Als ich von der Toilette zurückkehrte, bin ich noch tief beeindruckt, daß die Spiegel dort so aufgestellt waren, daß ich meinen eigenen Hintern bewundern konnte. Außerdem stellte ich bei einem Blick aus dem Fenster fest, daß die Sonne außergewöhnlich hell und warm schun.
Ich entschließe mich, das Seminar abzubrechen. Das Ganze kommt mir vor, wie eine Misswahl. Die Veranstaltung führt mir eine Szene aus einem Film vor Augen, in dem jede potentielle Miss-Sonstwas-Anwärterin am Ende ihrer Körperpräsentation was besonders geistreiches sagen soll, damit die Jury zur Kenntnis nehmen kann, daß sie ein ganz besonderer Mensch ist.
Ich schleiche mich leise in den Seminarraum und greife unauffällig nach meiner Handtasche, als mich Gerhard doch noch erwischt.

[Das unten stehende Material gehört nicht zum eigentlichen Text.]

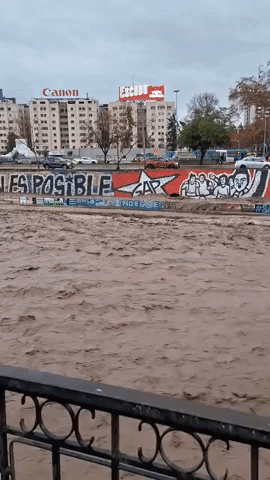 Santiago's Mapocho River Running High as Rain Swamps Chile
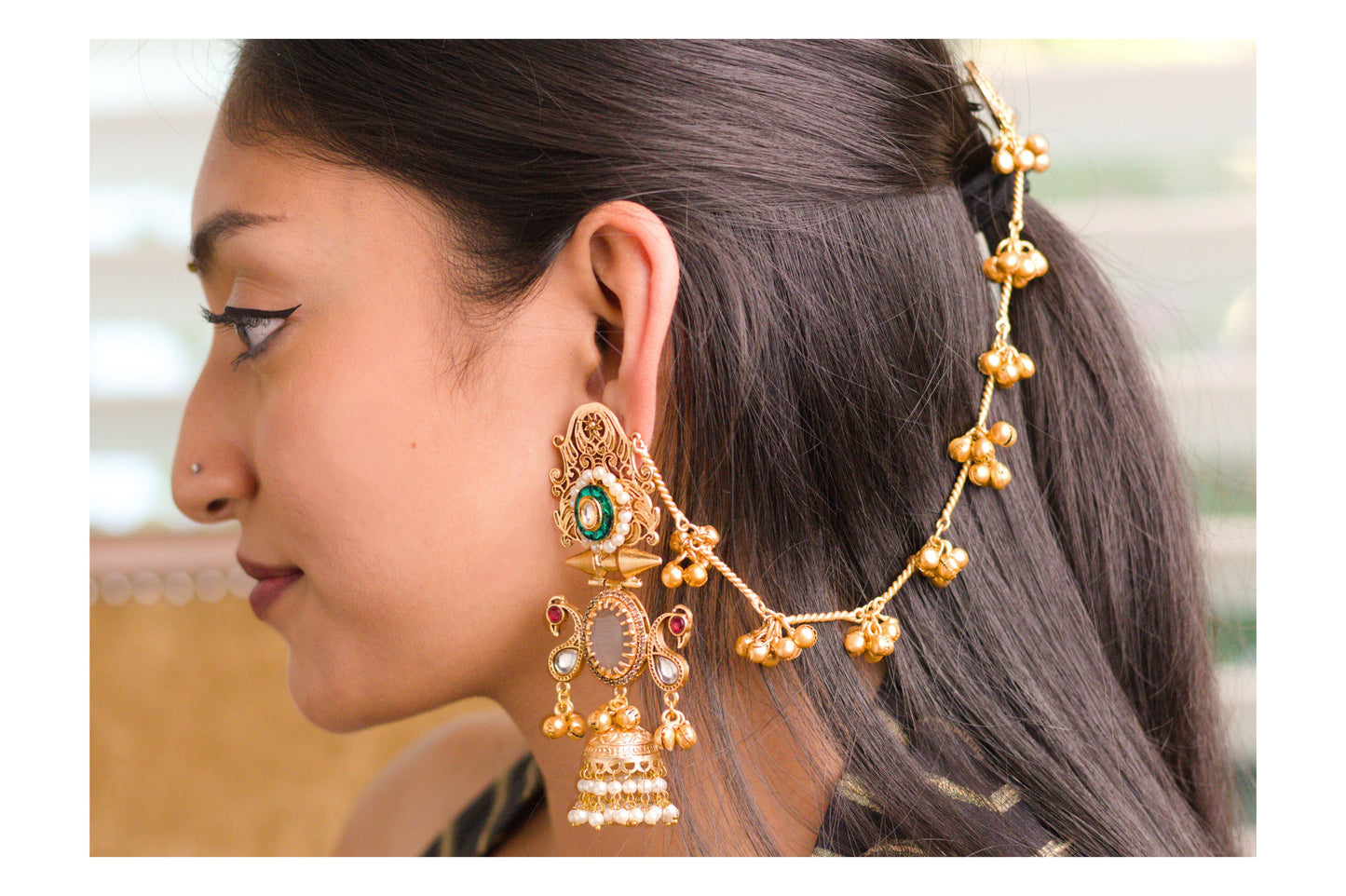 Green Shy Bird Jharoka Jhumkas with Kaan Chains.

„Nuf, Du warst noch nicht dran. Komm doch schnell noch nach vorne, damit Du die Übung auch mitmachen kannst.“ Ich will eigentlich nicht, aber alle blicken mich so erwartungsvoll an. Also gehe ich in den Kreis der Klonweibchen und sage voller aufrichtiger Begeisterung: „Ich wünsche mir Weltfrieden!“
Stille. Ich verlasse gutgelaunt den Raum.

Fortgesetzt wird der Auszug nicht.